AIM OF THE EXERCISE
Every record that appears below should be transcribed exactly.

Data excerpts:
● ● ● ●
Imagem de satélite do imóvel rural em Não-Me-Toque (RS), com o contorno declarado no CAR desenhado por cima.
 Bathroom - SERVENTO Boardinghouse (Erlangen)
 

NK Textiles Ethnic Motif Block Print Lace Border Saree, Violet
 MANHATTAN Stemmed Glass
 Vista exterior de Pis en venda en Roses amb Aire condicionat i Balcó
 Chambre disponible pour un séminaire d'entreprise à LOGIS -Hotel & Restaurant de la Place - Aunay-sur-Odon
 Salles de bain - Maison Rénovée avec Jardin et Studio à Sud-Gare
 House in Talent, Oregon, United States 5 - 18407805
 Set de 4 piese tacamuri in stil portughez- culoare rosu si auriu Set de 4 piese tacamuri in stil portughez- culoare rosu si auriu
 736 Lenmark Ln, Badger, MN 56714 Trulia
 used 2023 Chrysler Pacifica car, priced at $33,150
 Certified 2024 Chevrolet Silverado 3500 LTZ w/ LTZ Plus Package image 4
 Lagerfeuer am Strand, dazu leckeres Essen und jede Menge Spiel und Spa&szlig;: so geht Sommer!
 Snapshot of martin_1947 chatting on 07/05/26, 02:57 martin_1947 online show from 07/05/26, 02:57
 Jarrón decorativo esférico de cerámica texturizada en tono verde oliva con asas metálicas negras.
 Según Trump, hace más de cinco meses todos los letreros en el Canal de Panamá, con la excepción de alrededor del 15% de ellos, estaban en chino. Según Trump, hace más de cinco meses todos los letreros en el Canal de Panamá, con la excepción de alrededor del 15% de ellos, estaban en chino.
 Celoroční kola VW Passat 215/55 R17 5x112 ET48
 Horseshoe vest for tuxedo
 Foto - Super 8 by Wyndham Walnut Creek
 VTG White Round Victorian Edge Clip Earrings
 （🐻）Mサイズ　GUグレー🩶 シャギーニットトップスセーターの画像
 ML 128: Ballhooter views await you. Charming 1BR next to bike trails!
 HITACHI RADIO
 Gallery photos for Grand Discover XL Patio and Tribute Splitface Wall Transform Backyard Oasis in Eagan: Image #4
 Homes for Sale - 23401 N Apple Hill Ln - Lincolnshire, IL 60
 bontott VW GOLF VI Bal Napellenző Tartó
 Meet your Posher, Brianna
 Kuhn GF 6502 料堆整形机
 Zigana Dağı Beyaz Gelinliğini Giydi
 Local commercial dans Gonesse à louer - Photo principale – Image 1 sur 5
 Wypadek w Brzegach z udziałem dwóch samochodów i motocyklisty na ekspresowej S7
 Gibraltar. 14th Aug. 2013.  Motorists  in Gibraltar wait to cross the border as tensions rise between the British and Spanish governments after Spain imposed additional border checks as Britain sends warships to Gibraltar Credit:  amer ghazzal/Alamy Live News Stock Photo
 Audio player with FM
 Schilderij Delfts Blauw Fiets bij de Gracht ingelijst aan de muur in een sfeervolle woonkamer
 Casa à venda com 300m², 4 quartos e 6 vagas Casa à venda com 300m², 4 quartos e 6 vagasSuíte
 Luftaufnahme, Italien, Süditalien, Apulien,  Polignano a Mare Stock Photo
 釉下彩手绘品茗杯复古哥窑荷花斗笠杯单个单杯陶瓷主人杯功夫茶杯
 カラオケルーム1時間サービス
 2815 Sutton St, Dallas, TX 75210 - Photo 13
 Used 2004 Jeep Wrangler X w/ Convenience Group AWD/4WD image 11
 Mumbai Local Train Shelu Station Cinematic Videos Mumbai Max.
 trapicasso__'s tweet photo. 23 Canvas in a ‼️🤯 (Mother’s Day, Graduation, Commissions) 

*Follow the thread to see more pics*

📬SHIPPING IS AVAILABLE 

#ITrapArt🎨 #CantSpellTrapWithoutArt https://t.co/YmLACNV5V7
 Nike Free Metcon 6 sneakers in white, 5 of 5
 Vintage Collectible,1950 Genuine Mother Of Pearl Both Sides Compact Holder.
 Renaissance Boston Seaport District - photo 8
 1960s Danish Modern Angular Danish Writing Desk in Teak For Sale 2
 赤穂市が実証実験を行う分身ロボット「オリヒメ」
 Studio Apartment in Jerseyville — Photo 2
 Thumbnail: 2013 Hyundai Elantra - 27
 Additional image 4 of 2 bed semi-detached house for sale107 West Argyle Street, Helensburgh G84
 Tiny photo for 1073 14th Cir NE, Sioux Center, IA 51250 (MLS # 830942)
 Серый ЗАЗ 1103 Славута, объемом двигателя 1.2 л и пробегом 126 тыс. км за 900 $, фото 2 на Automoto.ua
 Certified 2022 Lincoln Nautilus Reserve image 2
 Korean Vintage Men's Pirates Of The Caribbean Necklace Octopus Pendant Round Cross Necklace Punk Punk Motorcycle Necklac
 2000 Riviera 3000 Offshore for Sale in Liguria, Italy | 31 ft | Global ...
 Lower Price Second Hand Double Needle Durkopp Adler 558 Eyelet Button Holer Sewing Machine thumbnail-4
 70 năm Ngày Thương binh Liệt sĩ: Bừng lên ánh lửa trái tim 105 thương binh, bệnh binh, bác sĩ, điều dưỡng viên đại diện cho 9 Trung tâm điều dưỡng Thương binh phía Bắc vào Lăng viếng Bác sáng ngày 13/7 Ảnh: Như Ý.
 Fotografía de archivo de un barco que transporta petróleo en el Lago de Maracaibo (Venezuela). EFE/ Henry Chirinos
● ● ● ●
WRITTEN ANSWER
Imagem de satélite do imóvel rural em Não-Me-Toque (RS), com o contorno declarado no CAR desenhado por cima.
 Bathroom - SERVENTO Boardinghouse (Erlangen)
 

NK Textiles Ethnic Motif Block Print Lace Border Saree, Violet
 MANHATTAN Stemmed Glass
 Vista exterior de Pis en venda en Roses amb Aire condicionat i Balcó
 Chambre disponible pour un séminaire d'entreprise à LOGIS -Hotel & Restaurant de la Place - Aunay-sur-Odon
 Salles de bain - Maison Rénovée avec Jardin et Studio à Sud-Gare
 House in Talent, Oregon, United States 5 - 18407805
 Set de 4 piese tacamuri in stil portughez- culoare rosu si auriu Set de 4 piese tacamuri in stil portughez- culoare rosu si auriu
 736 Lenmark Ln, Badger, MN 56714 Trulia
 used 2023 Chrysler Pacifica car, priced at $33,150
 Certified 2024 Chevrolet Silverado 3500 LTZ w/ LTZ Plus Package image 4
 Lagerfeuer am Strand, dazu leckeres Essen und jede Menge Spiel und Spa&szlig;: so geht Sommer!
 Snapshot of martin_1947 chatting on 07/05/26, 02:57 martin_1947 online show from 07/05/26, 02:57
 Jarrón decorativo esférico de cerámica texturizada en tono verde oliva con asas metálicas negras.
 Según Trump, hace más de cinco meses todos los letreros en el Canal de Panamá, con la excepción de alrededor del 15% de ellos, estaban en chino. Según Trump, hace más de cinco meses todos los letreros en el Canal de Panamá, con la excepción de alrededor del 15% de ellos, estaban en chino.
 Celoroční kola VW Passat 215/55 R17 5x112 ET48
 Horseshoe vest for tuxedo
 Foto - Super 8 by Wyndham Walnut Creek
 VTG White Round Victorian Edge Clip Earrings
 （🐻）Mサイズ　GUグレー🩶 シャギーニットトップスセーターの画像
 ML 128: Ballhooter views await you. Charming 1BR next to bike trails!
 HITACHI RADIO
 Gallery photos for Grand Discover XL Patio and Tribute Splitface Wall Transform Backyard Oasis in Eagan: Image #4
 Homes for Sale - 23401 N Apple Hill Ln - Lincolnshire, IL 60
 bontott VW GOLF VI Bal Napellenző Tartó
 Meet your Posher, Brianna
 Kuhn GF 6502 料堆整形机
 Zigana Dağı Beyaz Gelinliğini Giydi
 Local commercial dans Gonesse à louer - Photo principale – Image 1 sur 5
 Wypadek w Brzegach z udziałem dwóch samochodów i motocyklisty na ekspresowej S7
 Gibraltar. 14th Aug. 2013.  Motorists  in Gibraltar wait to cross the border as tensions rise between the British and Spanish governments after Spain imposed additional border checks as Britain sends warships to Gibraltar Credit:  amer ghazzal/Alamy Live News Stock Photo
 Audio player with FM
 Schilderij Delfts Blauw Fiets bij de Gracht ingelijst aan de muur in een sfeervolle woonkamer
 Casa à venda com 300m², 4 quartos e 6 vagas Casa à venda com 300m², 4 quartos e 6 vagasSuíte
 Luftaufnahme, Italien, Süditalien, Apulien,  Polignano a Mare Stock Photo
 釉下彩手绘品茗杯复古哥窑荷花斗笠杯单个单杯陶瓷主人杯功夫茶杯
 カラオケルーム1時間サービス
 2815 Sutton St, Dallas, TX 75210 - Photo 13
 Used 2004 Jeep Wrangler X w/ Convenience Group AWD/4WD image 11
 Mumbai Local Train Shelu Station Cinematic Videos Mumbai Max.
 trapicasso__'s tweet photo. 23 Canvas in a ‼️🤯 (Mother’s Day, Graduation, Commissions) 

*Follow the thread to see more pics*

📬SHIPPING IS AVAILABLE 

#ITrapArt🎨 #CantSpellTrapWithoutArt https://t.co/YmLACNV5V7
 Nike Free Metcon 6 sneakers in white, 5 of 5
 Vintage Collectible,1950 Genuine Mother Of Pearl Both Sides Compact Holder.
 Renaissance Boston Seaport District - photo 8
 1960s Danish Modern Angular Danish Writing Desk in Teak For Sale 2
 赤穂市が実証実験を行う分身ロボット「オリヒメ」
 Studio Apartment in Jerseyville — Photo 2
 Thumbnail: 2013 Hyundai Elantra - 27
 Additional image 4 of 2 bed semi-detached house for sale107 West Argyle Street, Helensburgh G84
 Tiny photo for 1073 14th Cir NE, Sioux Center, IA 51250 (MLS # 830942)
 Серый ЗАЗ 1103 Славута, объемом двигателя 1.2 л и пробегом 126 тыс. км за 900 $, фото 2 на Automoto.ua
 Certified 2022 Lincoln Nautilus Reserve image 2
 Korean Vintage Men's Pirates Of The Caribbean Necklace Octopus Pendant Round Cross Necklace Punk Punk Motorcycle Necklac
 2000 Riviera 3000 Offshore for Sale in Liguria, Italy | 31 ft | Global ...
 Lower Price Second Hand Double Needle Durkopp Adler 558 Eyelet Button Holer Sewing Machine thumbnail-4
 70 năm Ngày Thương binh Liệt sĩ: Bừng lên ánh lửa trái tim 105 thương binh, bệnh binh, bác sĩ, điều dưỡng viên đại diện cho 9 Trung tâm điều dưỡng Thương binh phía Bắc vào Lăng viếng Bác sáng ngày 13/7 Ảnh: Như Ý.
 Fotografía de archivo de un barco que transporta petróleo en el Lago de Maracaibo (Venezuela). EFE/ Henry Chirinos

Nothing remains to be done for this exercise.